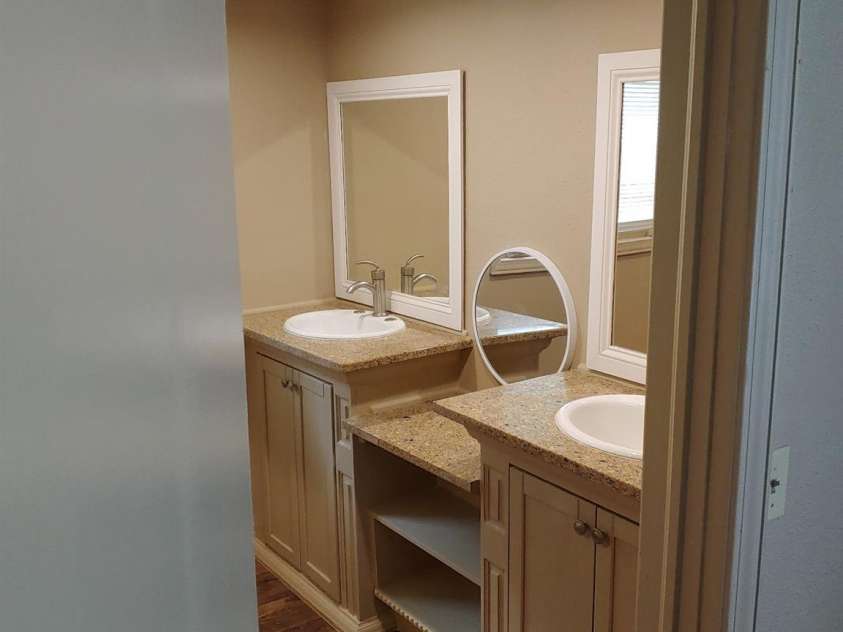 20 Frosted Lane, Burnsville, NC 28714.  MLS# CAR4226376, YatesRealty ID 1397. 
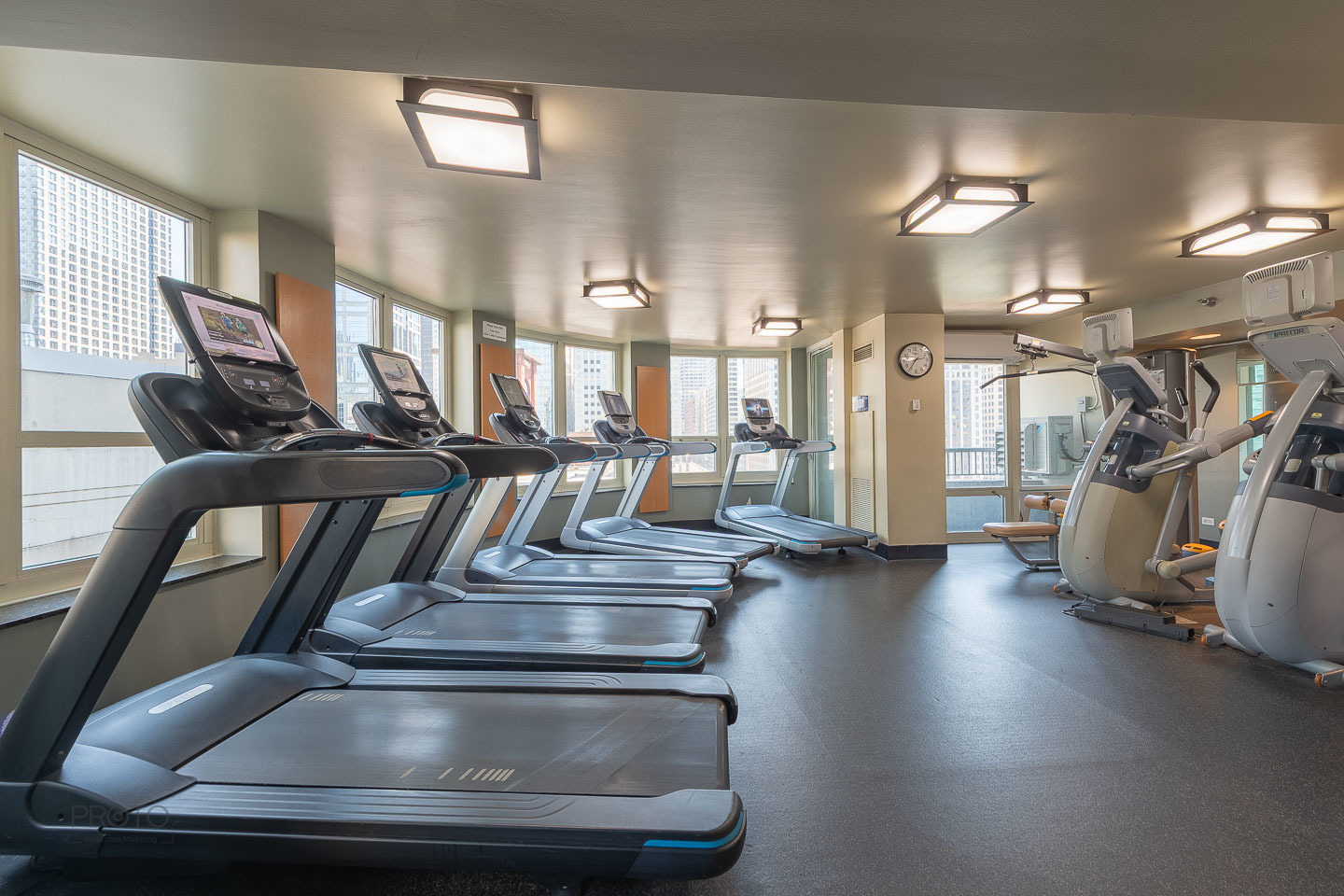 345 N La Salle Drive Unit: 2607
---
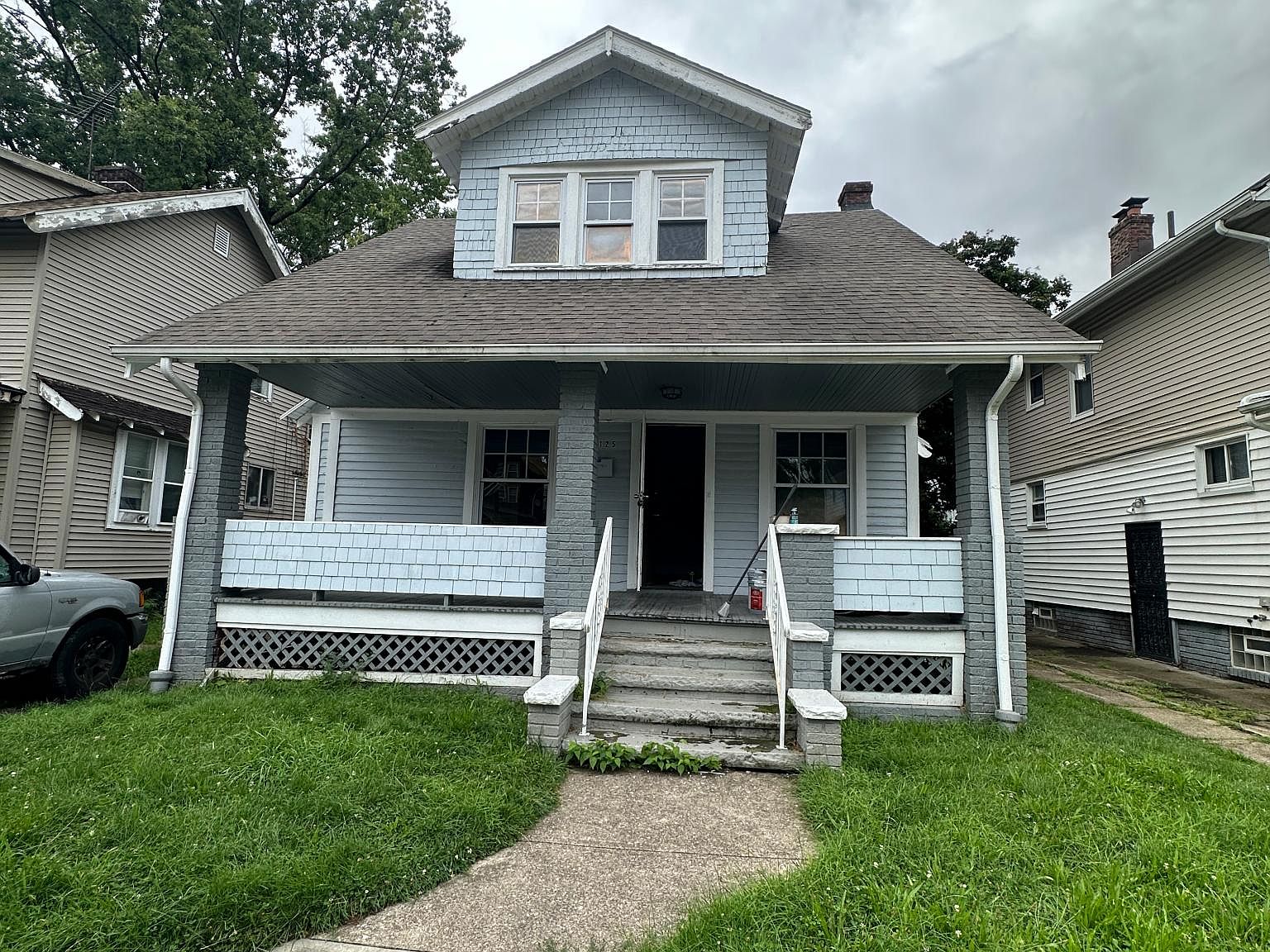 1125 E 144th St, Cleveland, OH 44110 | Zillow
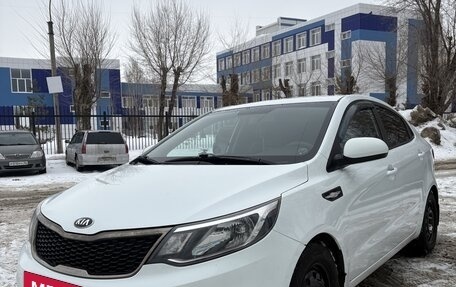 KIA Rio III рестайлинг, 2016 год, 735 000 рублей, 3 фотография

▸ WHAT YOU NEED TO DO
Within the entries above, the lines from the one containing "1125 E 144th" through the one containing "KIA Rio III" are to be transcribed exactly, ends included, pictures excluded.

▸ RESULT OF THE TASK
 1125 E 144th St, Cleveland, OH 44110 | Zillow
 KIA Rio III рестайлинг, 2016 год, 735 000 рублей, 3 фотография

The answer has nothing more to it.